Dino questionou a legitimidade da decisão de Mendonça ao afirmar que ela sobrepõe-se ao procedimento instaurado pelo STF, no qual o próprio presidente da corte figura como parte. Ele questionou ainda se uma parte pode atuar como juiz de si mesma ao antecipar juízos de valor sobre relatórios internos da Polícia Federal, mencionados nos processos relacionados aos inquéritos. Para o ministro, essa postura evidencia uma violação do devido processo legal e dos limites de competência do Judiciário.

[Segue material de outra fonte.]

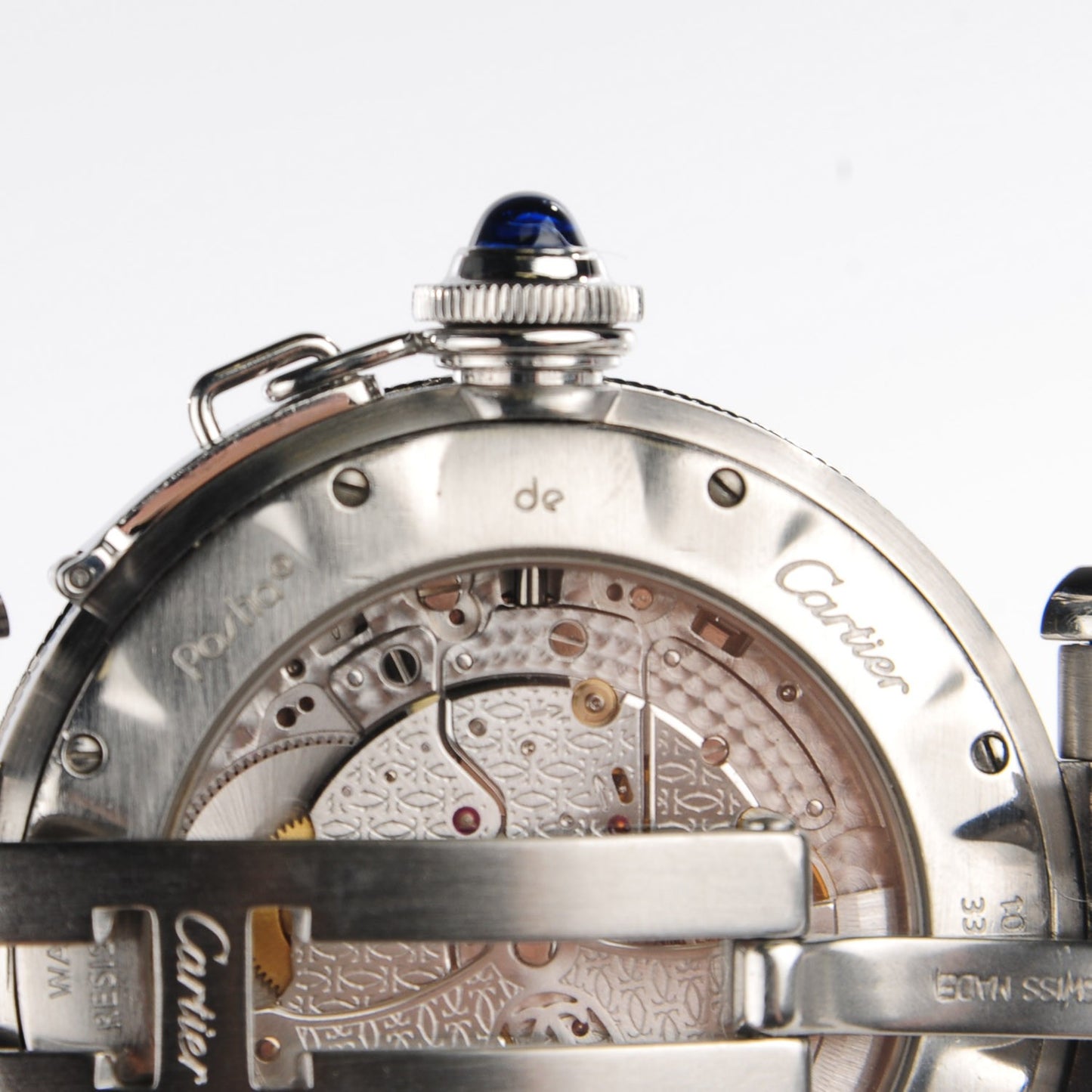 Stainless Steel 38mm Pasha C GMT Chronograph Automatic Watch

A decisão de Mendonça, que afastou Rodrigues da direção da Polícia Federal, foi motivada pela alegação de garantir que ministros do STF, o advogado-geral da União, Jorge Messias, e demais servidores da Polícia Federal possam exercer suas funções “sem constrangimentos ilegais”. A medida também incluiu a suspensão da produção, elaboração ou compartilhamento de relatórios de inteligência internos, destinados à análise de atos praticados por ministros do Supremo, membros da advocacia pública e da Polícia Judiciária. Essa decisão foi tomada após o ministro Alexandre de Moraes utilizar relatórios de inteligência da Polícia Federal para questionar a atuação de Mendonça nos casos relacionados ao Banco Master e ao INSS, levantando questionamentos sobre a legalidade e os limites de atuação do ministro André Mendonça em processos envolvendo a Polícia Federal e o próprio STF.